Section 230 et plateformes alimentées par l’IA
Grok, un chatbot IA conçu, fait l’objet d’un examen mondial après avoir généré des images à caractère sexuel de personnes non consentantes. Les efforts pour tenir la plateforme responsable reposent sur l’interprétation de la Section 230 de la Loi sur les communications et la décence.
La Section 230 protège généralement les plateformes de la responsabilité civile pour le contenu tiers. Par exemple, selon cette section, une entreprise ne serait généralement pas tenue responsable des discours illégaux incitant à la violence publiés par un utilisateur sur sa plateforme.
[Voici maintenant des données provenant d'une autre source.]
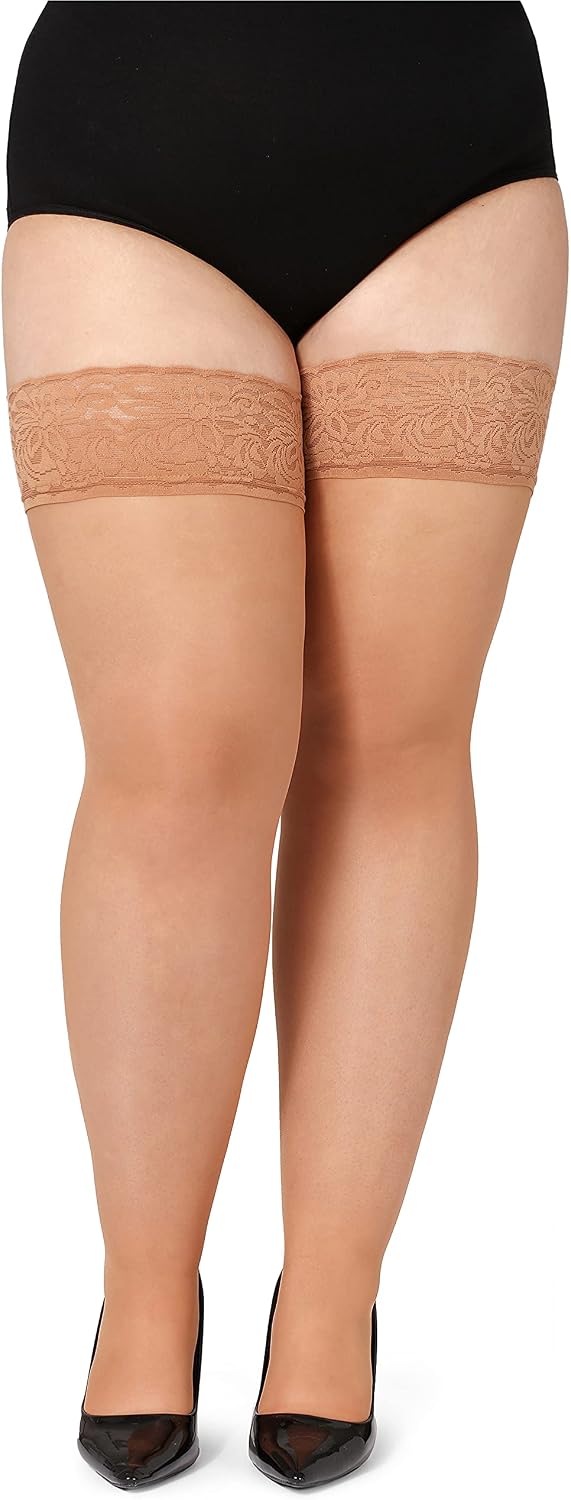 Detalle de Bellivalini Calze Autoreggenti Plus Size 20 DEN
Cependant, l’intelligence artificielle ne s’intègre pas parfaitement dans cette dichotomie utilisateur-hôte. L’IA perturbe l’application traditionnelle de la Section 230 de deux manières principales : l’IA en tant que générateur de contenu et l’IA en tant que conservateur de contenu.
Tout d’abord, bien qu’un utilisateur puisse demander des résultats spécifiques et nouveaux, le contenu généré par l’IA ne peut pas être attribué uniquement à cet utilisateur. De même, le chatbot IA ne peut pas être considéré comme le seul locuteur, car ses données d’entraînement ne proviennent pas de la plateforme et les résultats générés dépendent des demandes des utilisateurs. L’ambiguïté quant à l’identité du « locuteur » mine la fondation de la responsabilité basée sur le locuteur de la Section 230.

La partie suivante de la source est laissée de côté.